Esta é uma época em que fico menos disposta a passar meu tempo diante do computador. A primavera está explodindo por toda parte. As amapolas estão invadindo todos os campos e dividindo protagonismo com centenas de flores silvestres de cores e formas distintas.
Claro, ela é rainha. Sua singela forma é plenamente compensada pela cor rubro-extravagante. Ela é como um splash vermelho no meio do verde, amarelo e branco, rosa, violeta e azul das outras florzinhas lindas dos meus caminhos.
Ela é, em parte, a responsável pela minha ausência do blog. Venho aqui meio de passagem, leio uma coisinha ou outra e um cheiro delicioso de mato vem pela janela e me chama… e eu vou. Vivo lá fora, caminhando, plantando, aguando, passeando…
Dia desses, ele e eu resolvemos sair por aí, quase sem destino certo. Digo quase porque tínhamos apenas uma idéia em mente: tentar seguir umas das rotas dos Pueblos Negros de Guadalajara. Esses pequenos lugarejos ficam na serra norte-ocidental da província e são mais antigos que a presença romana na Península Ibérica.
A arquitetura popular desses povoados é única na Espanha, pois consiste em conglomerados de casas, currais e armazéns de cereais totalmente construídos de ardósia, com sua coloração escura, cinza-azulada ou negra, abundante nessas serras.
Resolvemos o passeio em cima da hora e não tínhamos muita informação, mas resolvemos arriscar, de qualquer forma.

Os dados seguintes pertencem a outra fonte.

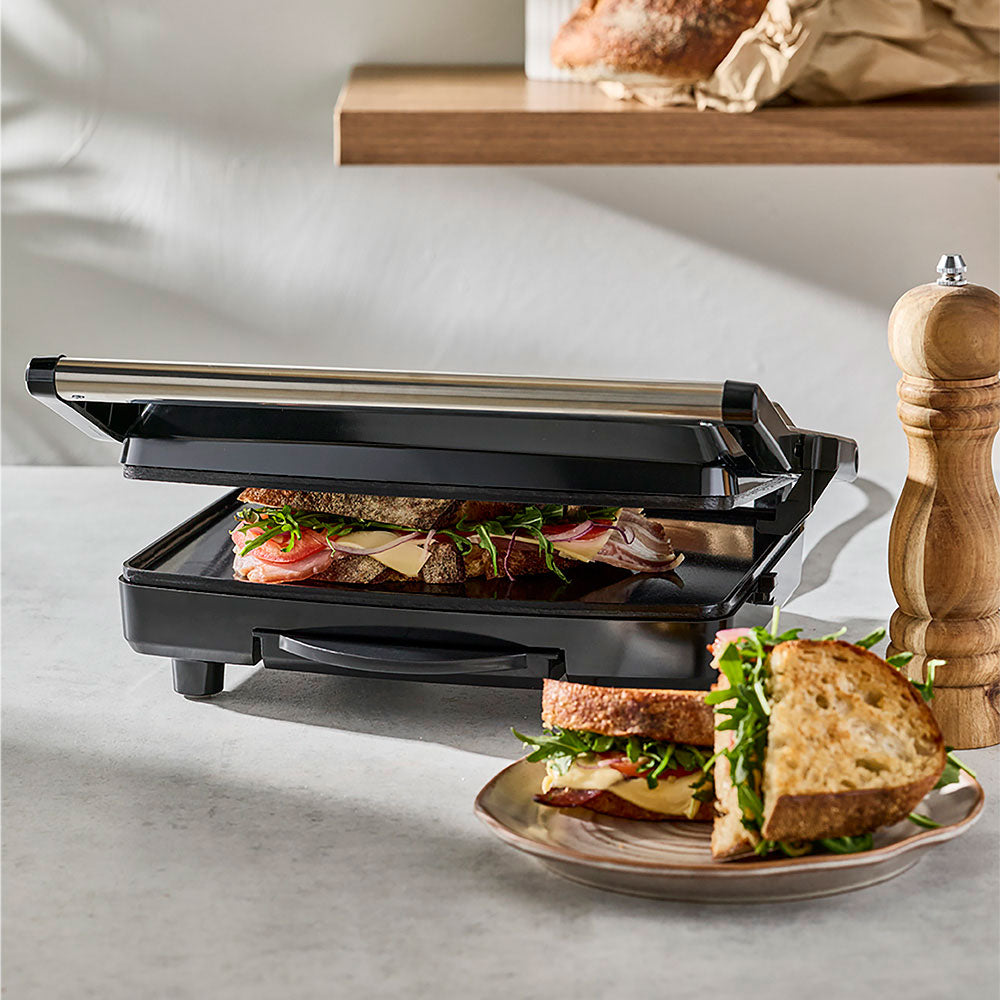 A lifestyle view depicts sandwiches being prepared next to the operating press.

Montamos um kit-excursão-sem-destino: uma mini geladeira com cerveja, água e coca cola, alguns sanduiches de pão artesanal com morcilla e chorizo, biscoitos, manta, canivete mil-e-uma-utilidades e um mapa.
Ah!… e música boa e variada para encantar qualquer estrada.
Entramos e saímos de muitos pequenos povoados ao longo da serra. E NADA DE CASINHAS NEGRAS!
No início do passeio não vi nada distinto aos outros minúsculos pueblos quase despovoados de Castilla La Mancha. Exceto por suas imponentes igrejas românicas, o resto das construções não chamavam qualquer atenção e as casas não apresentavam nenhum indício das famosas e populares pedras-ardósia.
Em Hita ( fotos acima) nos encontramos com la Puerta de los Caballos e pedaços de uma muralha medieval, além de um singelo relógio solar em plena praça.
Também havia uma grande plaza de toros, só que ao contrário do que se vê hoje, todas redondas, essa era retangular, o que indica que a cidade mantém a tradição das Plazas de Justas medievais, onde se celebravam os torneios e jogos durante a idade média.
Ao ver a grande porta da cidade, percebe-se a intenção de recuperar lugares históricos do povoado para atrair também os turistas que trafegam por aquelas pequenas e estreitas estradas.
Em Cogolludo ( que nome! ) nos encontramos com um palácio renacentista do século XV, dos Duques de Medinacelli, que – dizem – foi o primeiro desse estilo a ser construído em Espanha e por isso é precursor das mudanças arquitetônicas dos castelos medievais.
Tentamos buscar informações na oficina de turismo que estava ao lado da grande praça diante do palácio, mas estava fechada. Hora de la siesta.
Tá. Em um feriado internacional, a oficina de turismo fecha para “la siesta”.
Estamos na Espanha, lembram?
Tudo bem. Subimos as estreitas ruas em direção à Igreja de Santa Maria, construída no século XVI. Também estava fechada. Bingo!
Eu já estava ficando com fome e resolvemos parar perto de um rio e fazer o lanche programado.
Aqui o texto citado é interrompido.